[Your task]: The required output is the stretch from the line containing "Electric Toothbrush Philips" through the line containing "Видео с секс куклами" in the records below, unaltered and with no pictures.

[Input data]:
════

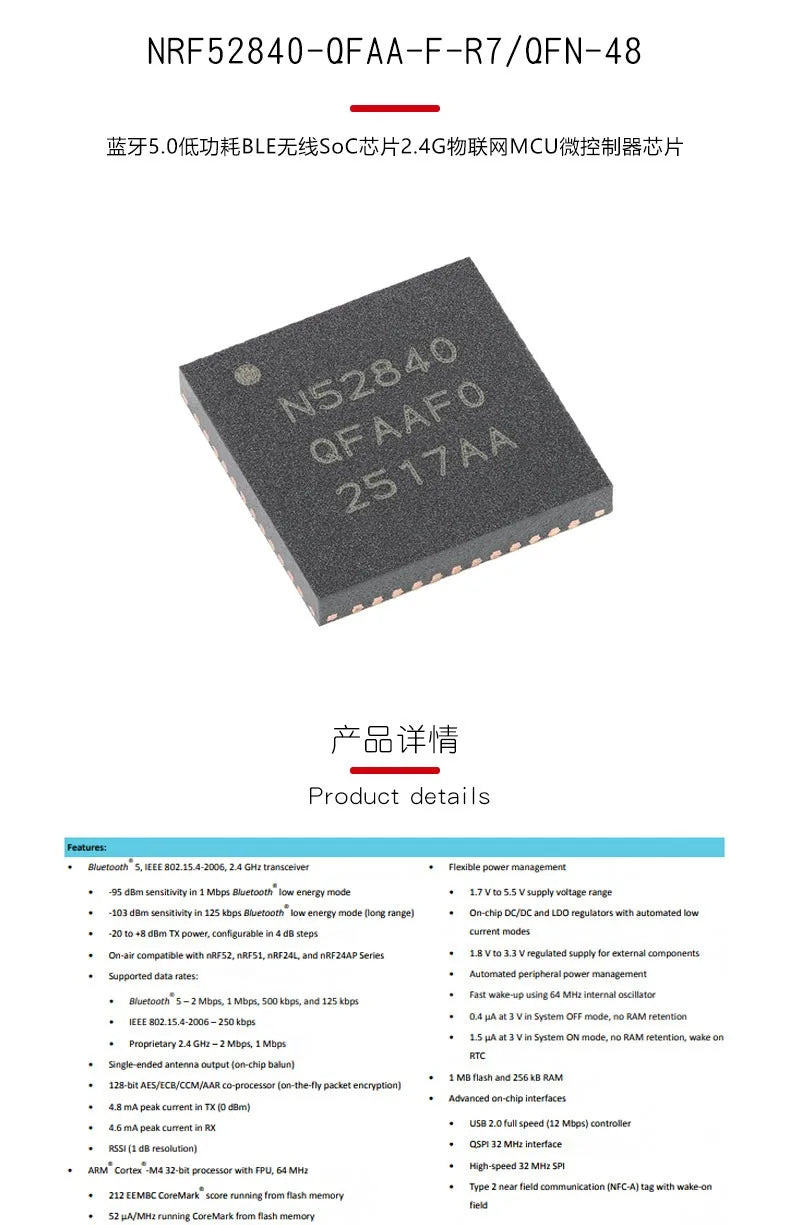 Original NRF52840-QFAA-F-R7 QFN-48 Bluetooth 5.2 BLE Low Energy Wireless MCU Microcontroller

════

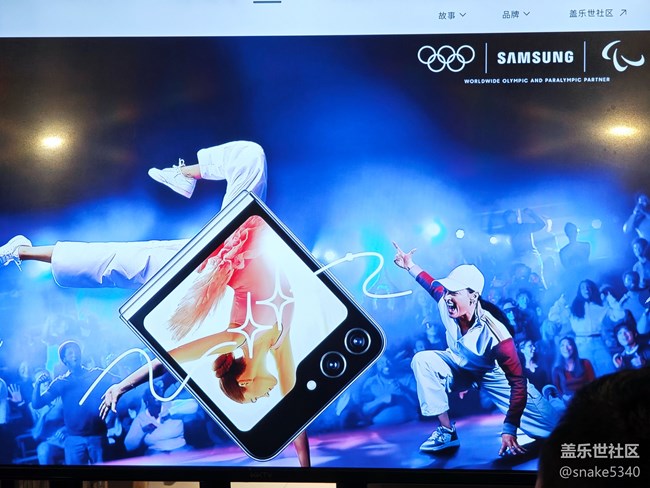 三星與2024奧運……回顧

════

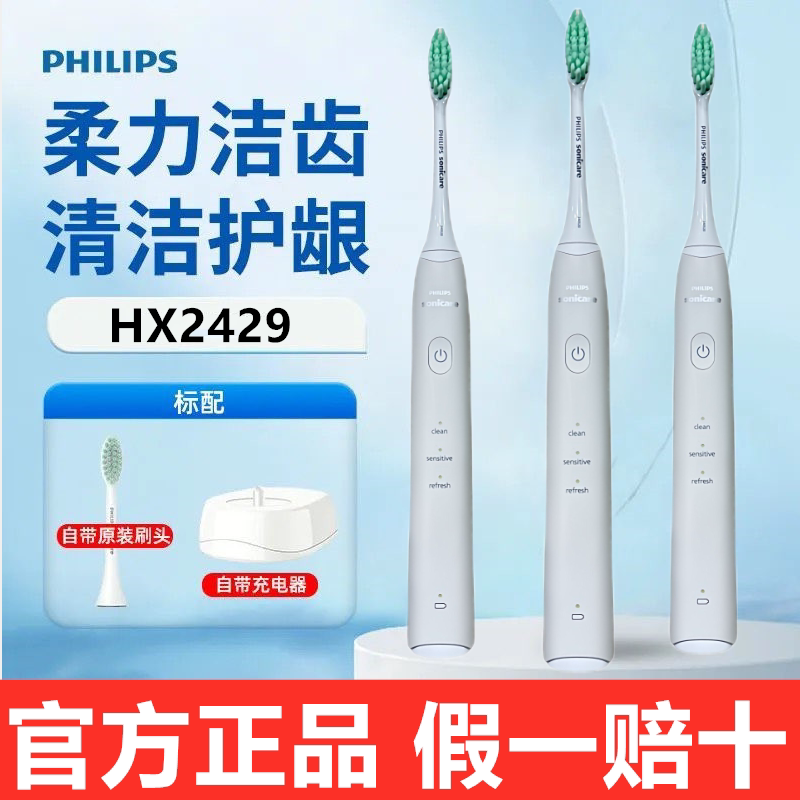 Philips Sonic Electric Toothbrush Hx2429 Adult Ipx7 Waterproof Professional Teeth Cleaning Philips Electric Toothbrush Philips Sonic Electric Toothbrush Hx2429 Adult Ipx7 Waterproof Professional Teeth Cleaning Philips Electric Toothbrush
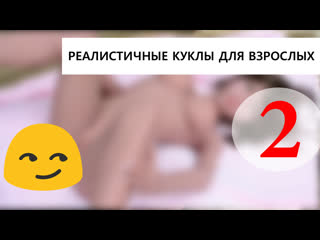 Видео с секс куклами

════

[Task output]:
 Philips Sonic Electric Toothbrush Hx2429 Adult Ipx7 Waterproof Professional Teeth Cleaning Philips Electric Toothbrush Philips Sonic Electric Toothbrush Hx2429 Adult Ipx7 Waterproof Professional Teeth Cleaning Philips Electric Toothbrush
 Видео с секс куклами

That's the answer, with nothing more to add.